(The problem): Copying exactly, give the lines in the material below from the one with "Gyno-Daktarin Vag Cream 20g" to the one with "[预订]Guide to Ruminant Anatomy", ends included, and nothing besides.

(Records):
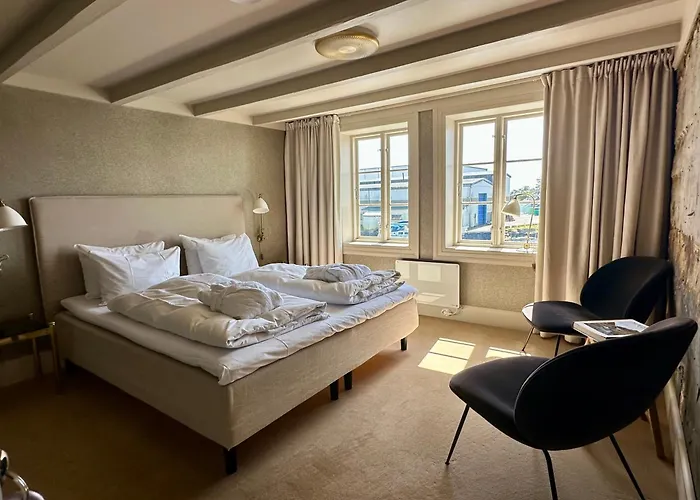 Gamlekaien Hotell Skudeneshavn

...

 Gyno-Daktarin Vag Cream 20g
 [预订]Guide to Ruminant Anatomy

--

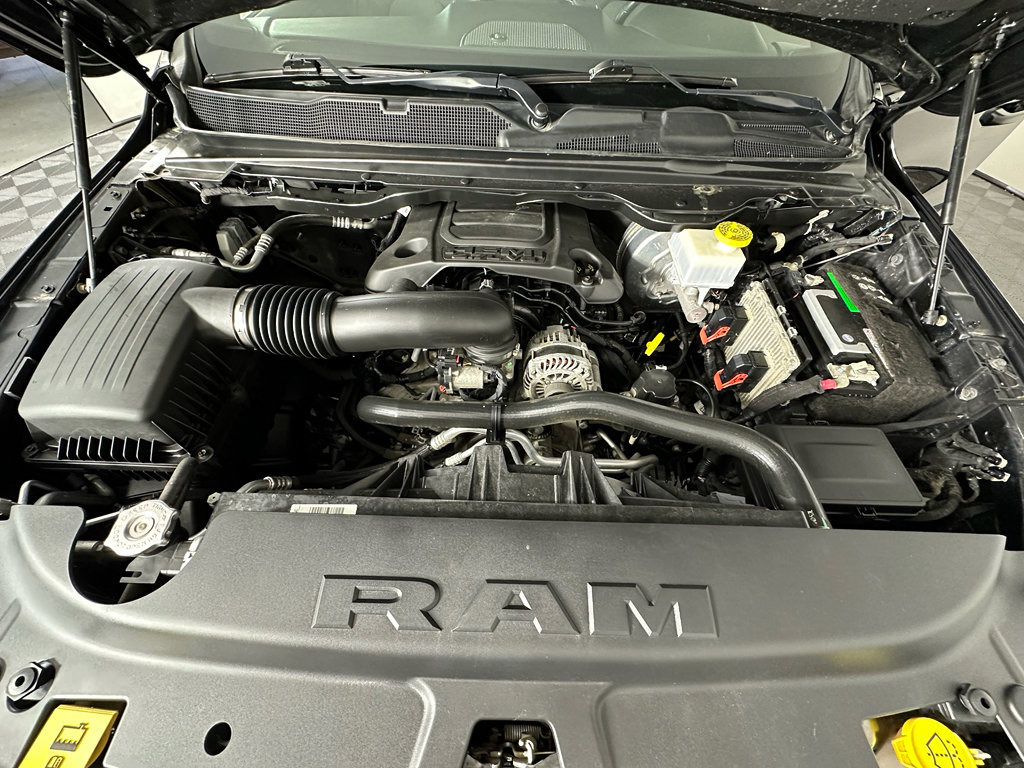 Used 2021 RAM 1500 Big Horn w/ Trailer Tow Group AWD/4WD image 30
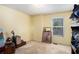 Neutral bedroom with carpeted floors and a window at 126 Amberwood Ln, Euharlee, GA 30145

(Answer):
 Gyno-Daktarin Vag Cream 20g
 [预订]Guide to Ruminant Anatomy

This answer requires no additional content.